In other words, it is a photometric method that aims to indirectly detect the presence of one or more exoplanets in orbit around a star through covering a small portion of it.
This principle can be applied to more than just exoplanets detection and has even been used in our own Solar System.
The transit occurs when the planet passes in front of its star, whereas the eclipse occurs when the planet passes behind its star.
Most of the planets discovered by the transit method have been revealed through large field surveys. The aim is to study a large number of stars, without pre-selecting them, since there is no indication a priori which stars will have planets that are favourably aligned with respect to the Earth in order to be able to detect them by the transit method.
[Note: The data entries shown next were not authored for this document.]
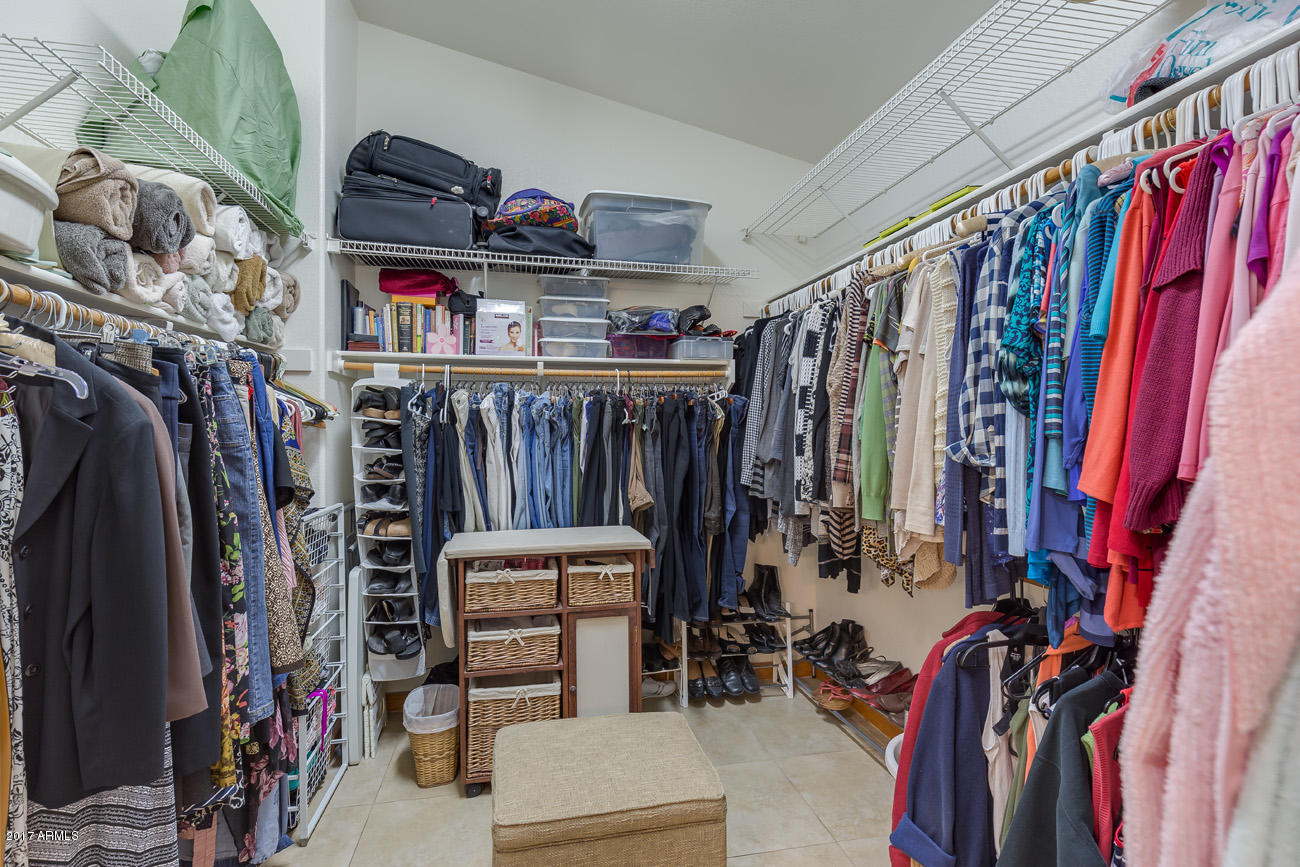11255 West Piccadilly Road Avondale, AZ 85392 - Photo 24 of 29 a view of walk in closet with clothes and shoes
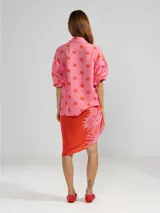 Camisa de manga larga color rosa con rayas verticales rojas y estampado de flores rojas. Con cuello camisero, puños elastizados y lazos regulables en los costados del ruedo.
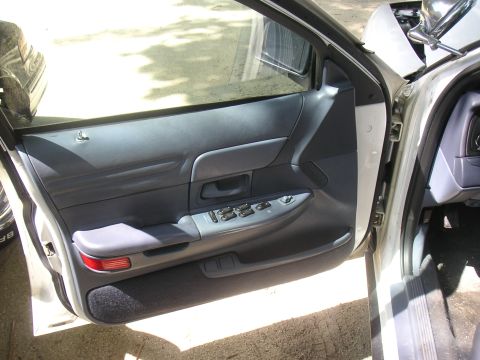1997 Ford Crown Victoria - Close-up of a car's interior door panel, showing the window and lock controls.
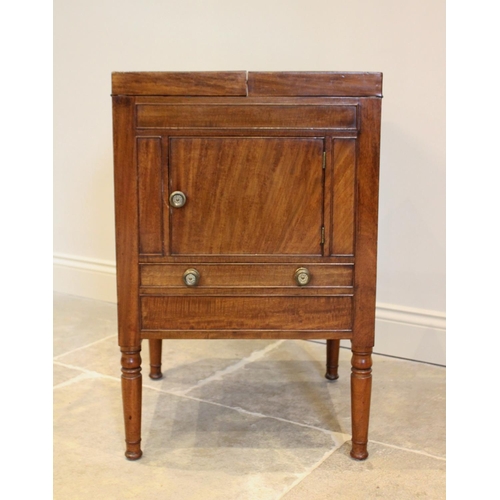 773 - A George III and later mahogany cellarette, converted from a commode chest, the twin hinged top open... 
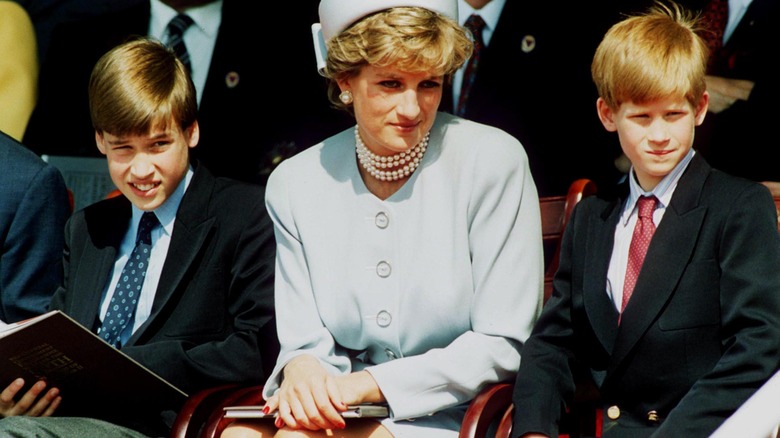 Princess Diana sits at an event with Prince Harry and Prince William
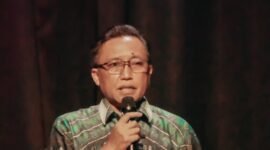 Kepala Dinas Kominfotik Provinsi Lampung Ganjar Jationo menyampaikan amanat tertulis Gubernur Lampung Rahmat Mirzani Djausal saat membuka Seminar Pekan Tuli Internasional 2026, Sabtu (26/9/2026).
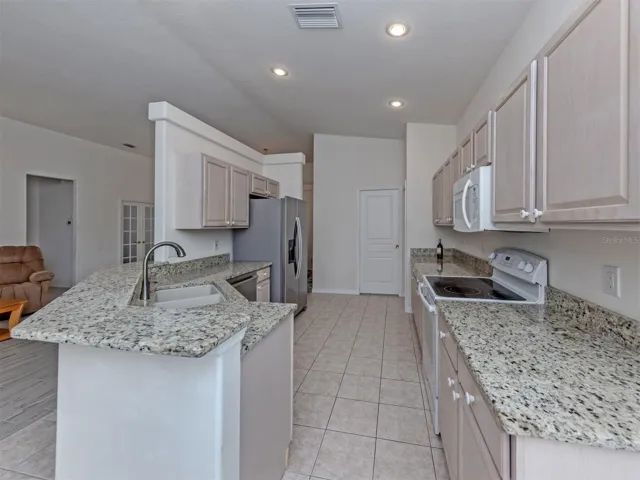 Granite countertops, gently used appliances and lots of storage make this kitchen a chefs dream!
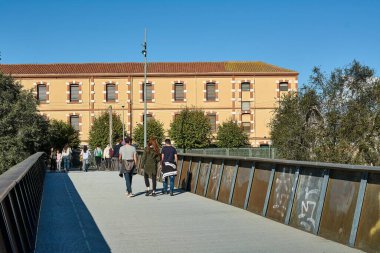 Montcada i Reixac. İspanya - 12 Kasım 2024: Moncada ve Reixac 'taki Ripoll nehrinden geçen manzaralı yaya köprüsü, insanların yürüdüğü ve suyun ve kentsel çevrenin manzarasının keyfini çıkardığı.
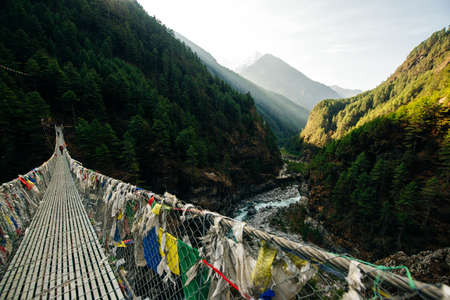 Suspension bridge with buddhist prayer flags on the Annapurna circuit trek in Nepal. High quality...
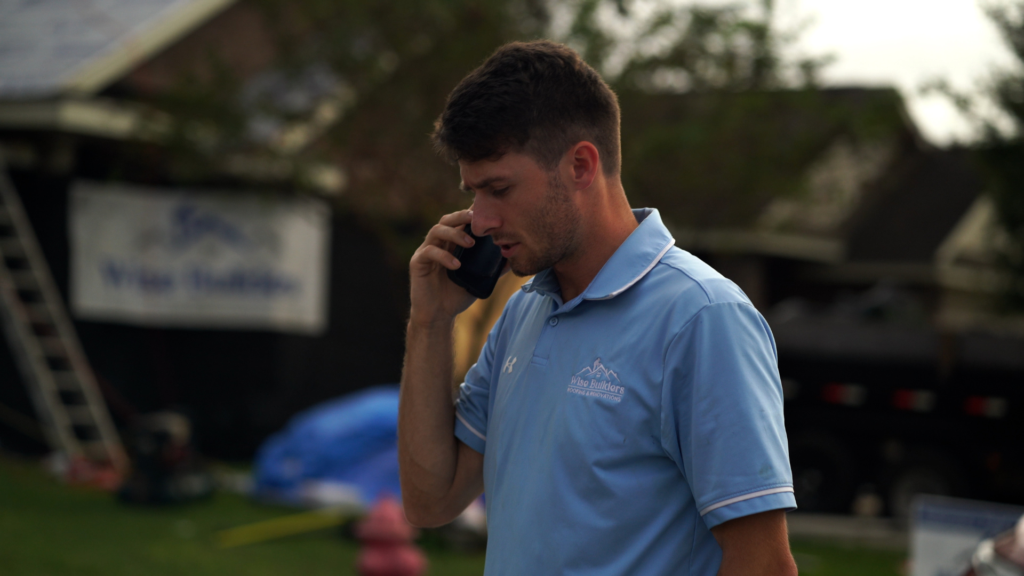 a roofer on the phone with a new roof customer in mobile al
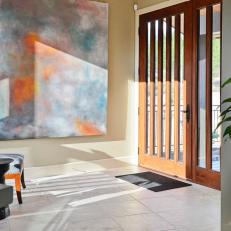 Transitional Entryway with Colorful Artwork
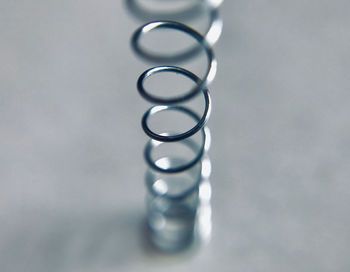 High angle view of spiral metal on table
Launched in 2009 and having completed its mission in 2018, the Kepler Space Telescope has played a crucial role in the search for exoplanets using the transit method. It alone has observed 530,000 stars in the Cygnus constellation and it has confirmed the existence of more than 2,600 exoplanets, revolutionizing our vision of exoplanets. This abundance of planets has shown that there is a much greater diversity of planets compared to the planets in our solar system.